Three architectural approaches have emerged from the 2026 research. Each makes a different trade-off between episodic fidelity and semantic efficiency.

Pattern 1: Dual-store with consolidation

Separate stores for episodes and facts, with a background consolidation process. This is closest to the biological model and is what Mem0 and AWS AgentCore implement.

typescript
interface EpisodicMemory {
  id: string;
  timestamp: Date;
  // Full event context -- who, what, when, why
  event: string;
  participants: string[];
  sentiment: 'positive' | 'neutral' | 'negative';
  embedding: number[];
}
 
interface SemanticMemory {
  id: string;
  // Distilled fact without temporal context
  fact: string;
  confidence: number;
  // Link back to supporting episodes for auditability
  sourceEpisodeIds: string[];
  lastUpdated: Date;
  embedding: number[];
}
 
async function consolidate(
  episodes: EpisodicMemory[],
  existingFacts: SemanticMemory[]
): Promise<SemanticMemory[]> {
  // Ask the LLM to extract durable facts from recent episodes
  // that aren't already captured in existing semantic memory
  const prompt = `Given these recent interactions:\n${
    episodes.map(e => `[${e.timestamp}] ${e.event}`).join('\n')
  }\n\nAnd these known facts:\n${
    existingFacts.map(f => f.fact).join('\n')
  }\n\nExtract NEW durable facts about this customer.
  Only include facts likely to be true in future interactions.
  Do not include one-time events or transient states.`;
 
  const response = await llm.generate(prompt);
  return parseFactsFromResponse(response, episodes);
}

When to use: Customer-facing agents where you need both personalization (semantic) and accountability (episodic).
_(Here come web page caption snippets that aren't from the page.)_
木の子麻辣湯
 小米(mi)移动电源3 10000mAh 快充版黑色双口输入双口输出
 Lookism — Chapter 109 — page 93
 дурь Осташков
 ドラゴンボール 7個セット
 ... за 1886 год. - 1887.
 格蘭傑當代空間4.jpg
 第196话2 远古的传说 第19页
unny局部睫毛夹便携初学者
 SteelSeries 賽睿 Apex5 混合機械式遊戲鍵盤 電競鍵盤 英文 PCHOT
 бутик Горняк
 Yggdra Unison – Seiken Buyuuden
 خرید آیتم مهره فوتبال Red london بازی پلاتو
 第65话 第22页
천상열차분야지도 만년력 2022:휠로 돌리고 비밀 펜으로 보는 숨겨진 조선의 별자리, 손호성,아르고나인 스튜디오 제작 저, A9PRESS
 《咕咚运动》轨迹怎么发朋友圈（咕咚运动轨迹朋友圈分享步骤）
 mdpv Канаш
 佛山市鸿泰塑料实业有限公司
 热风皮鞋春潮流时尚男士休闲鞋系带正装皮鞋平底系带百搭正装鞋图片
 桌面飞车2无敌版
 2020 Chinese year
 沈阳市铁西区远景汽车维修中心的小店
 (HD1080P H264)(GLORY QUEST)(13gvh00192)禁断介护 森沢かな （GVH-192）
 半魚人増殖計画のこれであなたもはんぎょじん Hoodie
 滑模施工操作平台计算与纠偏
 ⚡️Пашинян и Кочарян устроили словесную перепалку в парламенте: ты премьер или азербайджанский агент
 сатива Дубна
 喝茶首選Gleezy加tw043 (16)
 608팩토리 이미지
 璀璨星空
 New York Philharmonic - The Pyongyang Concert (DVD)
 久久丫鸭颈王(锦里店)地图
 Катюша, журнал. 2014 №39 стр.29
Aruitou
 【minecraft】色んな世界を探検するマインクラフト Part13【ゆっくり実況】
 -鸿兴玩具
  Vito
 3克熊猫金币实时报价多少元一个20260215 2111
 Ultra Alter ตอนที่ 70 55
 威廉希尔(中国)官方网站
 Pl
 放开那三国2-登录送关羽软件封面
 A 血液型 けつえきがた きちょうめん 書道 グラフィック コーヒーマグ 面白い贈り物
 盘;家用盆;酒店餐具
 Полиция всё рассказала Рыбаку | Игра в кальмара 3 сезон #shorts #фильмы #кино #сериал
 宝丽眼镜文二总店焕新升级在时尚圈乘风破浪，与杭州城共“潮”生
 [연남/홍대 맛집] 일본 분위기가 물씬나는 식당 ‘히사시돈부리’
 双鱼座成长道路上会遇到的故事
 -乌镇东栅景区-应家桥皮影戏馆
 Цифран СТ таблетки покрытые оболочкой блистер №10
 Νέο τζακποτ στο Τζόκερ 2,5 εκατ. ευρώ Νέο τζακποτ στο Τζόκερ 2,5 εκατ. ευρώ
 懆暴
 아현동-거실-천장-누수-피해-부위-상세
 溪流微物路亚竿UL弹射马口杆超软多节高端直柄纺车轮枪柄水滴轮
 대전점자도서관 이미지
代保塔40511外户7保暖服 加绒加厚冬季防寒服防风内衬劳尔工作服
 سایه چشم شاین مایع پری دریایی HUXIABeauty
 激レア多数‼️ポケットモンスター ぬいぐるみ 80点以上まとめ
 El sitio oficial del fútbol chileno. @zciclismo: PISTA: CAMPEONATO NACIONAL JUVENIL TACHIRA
Most production use cases land here.

Pattern 2: Multi-graph unified store

MAGMA's approach: one memory store, multiple graph views. Every memory has semantic, temporal, causal, and entity edges. Retrieval traverses whichever dimensions the query requires.

typescript
interface UnifiedMemoryNode {
  id: string;
  content: string;
  // Semantic edges: "similar to" relationships
  semanticNeighbors: { nodeId: string; similarity: number }[];
  // Temporal edges: "happened before/after"
  temporalEdges: { nodeId: string; relation: 'before' | 'after' }[];
  // Causal edges: "caused by" / "resulted in"
  causalEdges: { nodeId: string; relation: 'cause' | 'effect' }[];
  // Entity edges: "involves" specific people, products, accounts
  entityEdges: { entityId: string; role: string }[];
}
 
// Query routing decides which graph dimensions to traverse
function routeQuery(query: string): GraphDimension[] {
  if (query.includes('what happened') || query.includes('when'))
    return ['temporal', 'causal'];
  if (query.includes('who') || query.includes('customer'))
    return ['entity', 'semantic'];
  if (query.includes('why') || query.includes('because'))
    return ['causal', 'semantic'];
  // Default: semantic similarity
  return ['semantic'];
}

When to use: Complex reasoning tasks where queries require navigating relationships between events. Think enterprise CRM, legal research, medical history analysis.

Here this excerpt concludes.